Within hours of announcing its 3Q results, Cemex has brought out a statement that saying that almost US$500m of annual savings were to be implemented before the end of this year. The capital expenditure programme is being cut to the extent that only projects far enough advanced to be completed by early in 2009 will continue and all other investments in new capacity will be halted.
In Mexico, a 1.8Mta increase in capacity at the Yaqui works should to come on stream later this year, but the massive 4.4Mta of extension to the at Tepeaca works, taking the annual capacity there to 7.6Mt in 2009, at a cost of US$460m, may be delayed.
Whether the 1.1Mt of additional capacity under development in Texas will be completed as planned is uncertain and the 1.7Mta greenfield plant in Arizona, that had been planned for 2012 at a cost of US$400m will certainly be postponed. The closure of older US capacity cannot be ruled out in the current environment, as Cemex is currently exporting cement out of the USA rather than importing, as has been the norm.
In the UK, a new grinding station at Tilbury with an annual capacity of 1.2Mta should be completed this year.
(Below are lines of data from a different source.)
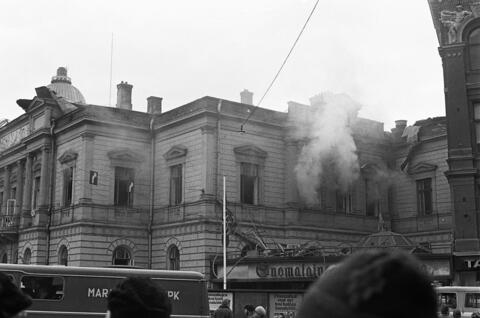 Vanha ylioppilastalo palaa huhtikuussa 1978. Mannerheimintie 3.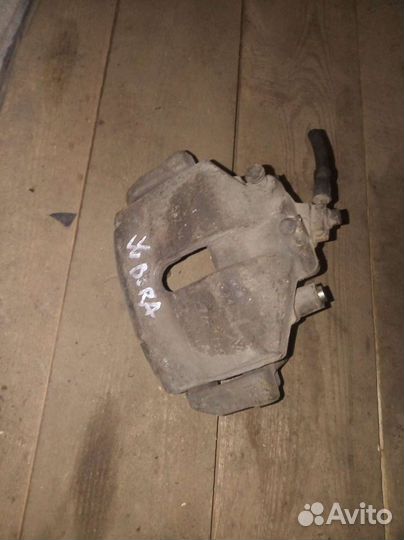 Суппорт передний правый Volkswagen Bora Фольксваге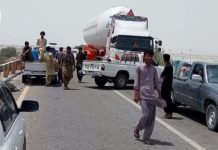 Pickup Union Blocks Coastal Highway in Gwadar After Coast Guards Seize Vehicles and Diesel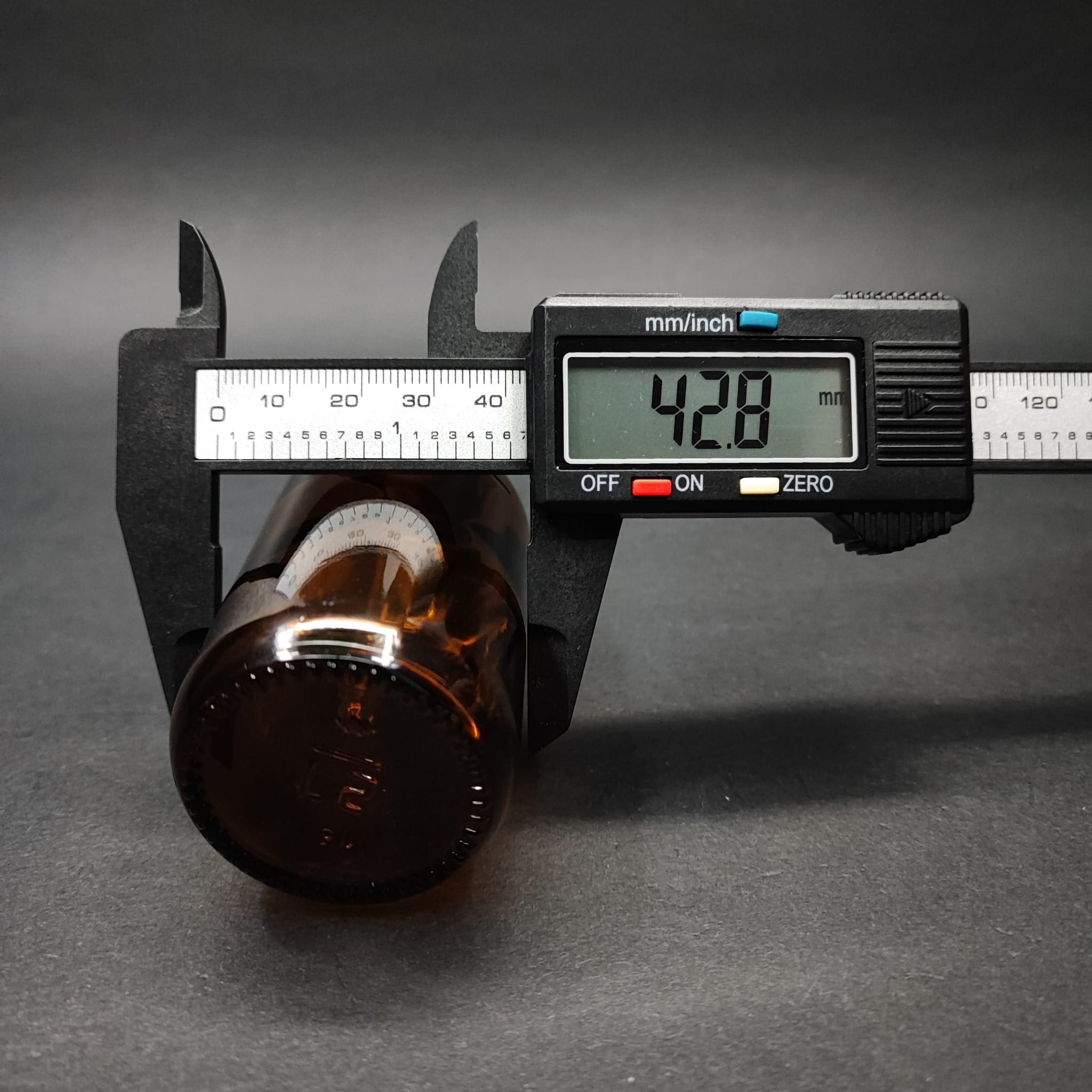 75 ML DOLUMU KOLAY, GENİŞ AĞIZLI CAM DAMLALIKLI ŞİŞE (25 MM AĞIZ)  - 75 CC BEYAZ DAMLALIKLI CAM ECZA ŞİŞESİ - AMBER KAHVERENGİ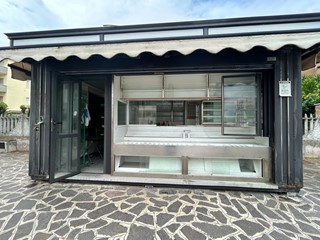 Immobile commerciale in Affitto a Francavilla al Mare, 500€, 15 m²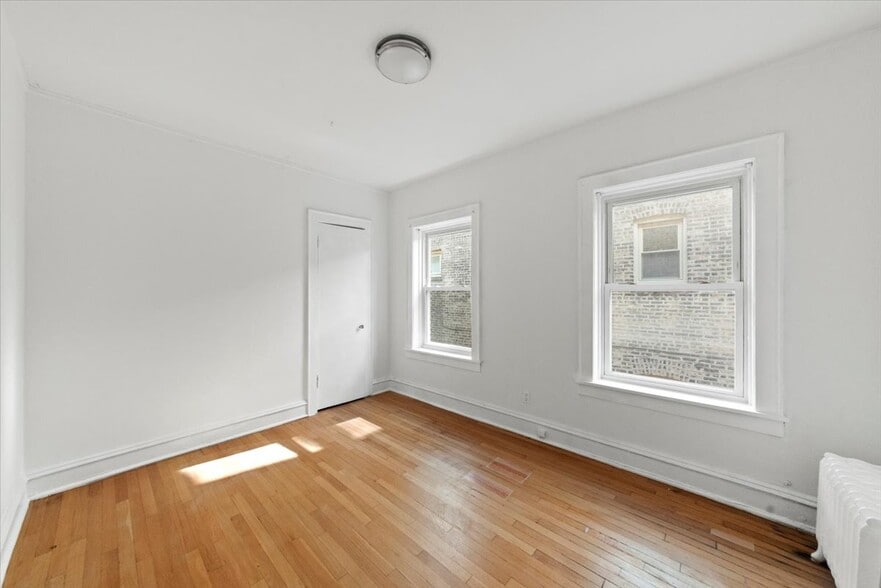 Building Photo - 120 Keeney St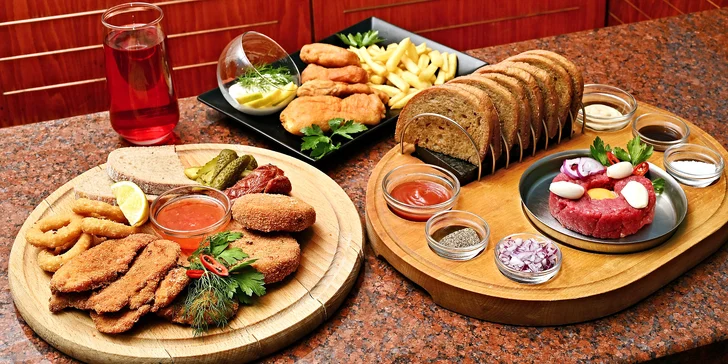 Za dobrotou: fish & chips, tatarák s topinkami i masová degustace pro 2 nebo 4 osoby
This will certainly be accompanied by the closure of the existing grinding plant near Rochester, and the wet process integrated works at Barrington may be closed as well.
In Latvia, with a new 1.0Mta cement plant under construction for completion early in 2009 this will almost certainly be completed. The Latvian works is well suited to supply the 16 marine terminals in the Nordic area and can supply these far more cheaply than the Rüdersdorf works in Germany.
In Panama, Cemento Bayano has an integrated works with a 0.5Mt capacity of and is supposed to be completing an additional production line next year. In the United Arab Emirates, there is a 1.6Mta grinding plant coming on-stream later this year.
With the continuing deterioration in the global economy, cement demand is set to decline and it is likely that Lafarge, Holcim and HeidelbergCement will also announce postponements of capital investments already started being deferred, as will be the case from a number of mid-sized producers who have planned various plant expansions worldwide.